The Kay House Museum in Oxford has many furnishings and other belongings of the Kay family. In one of the museum’s two parlors a wheel chair that belonged to Albert Kay is displayed. Kay was wounded during World War I.

OXFORD — The Oxford Historical Society has just about everything it needs – a museum house adorned by furnishings and other possessions of the family that donated it. It has valuable community relics, like school furniture of Oxford’s old school, mill equipment and machinery that represent its early industry, local businesses’ signs and postal and customer mail boxes from its original post office.

The Oxford Historical Society has an exhibit of the town’s old school, which was located next door to the Kay House Museum.

What it does not have, after being closed for more than 20 months due to the coronavirus pandemic, is current members’ support and volunteers to help share the museum’s treasures with the community.

“The pandemic, and being closed, has really hurt our membership,” said the society’s President and Geneologist Patricia Larrivee last week.

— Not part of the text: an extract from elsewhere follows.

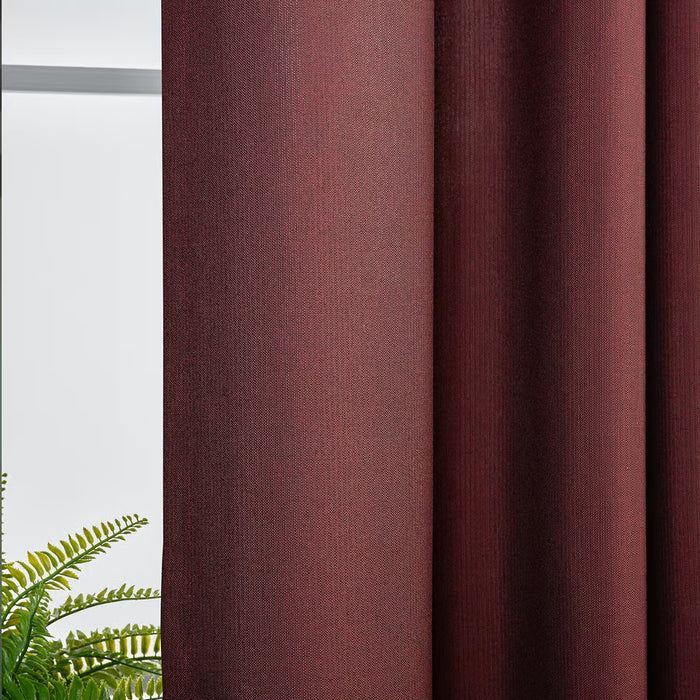 IKEA SPIRBJÖRNBÄR rich red curtains hanging full length on tall window blocking light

“We are working to get more people to join and interested. Working with the [new] historic preservation committee will be another way.”

Just before the pandemic hit, longtime Curator Sandy Dunn retired and moved out of state, creating a void that could not be filled while everything was shuttered. Now Larrivee is doing her best to reorganize, prioritize and fulfill her vision for a vibrant and active historical program. But she needs help to get there.

“It’s unfortunate that we just don’t have enough volunteers to have the society open,” she said. “I’m filling the role of president, secretary and assisting the treasurer. We usually are open from April until October and it’s been almost two years.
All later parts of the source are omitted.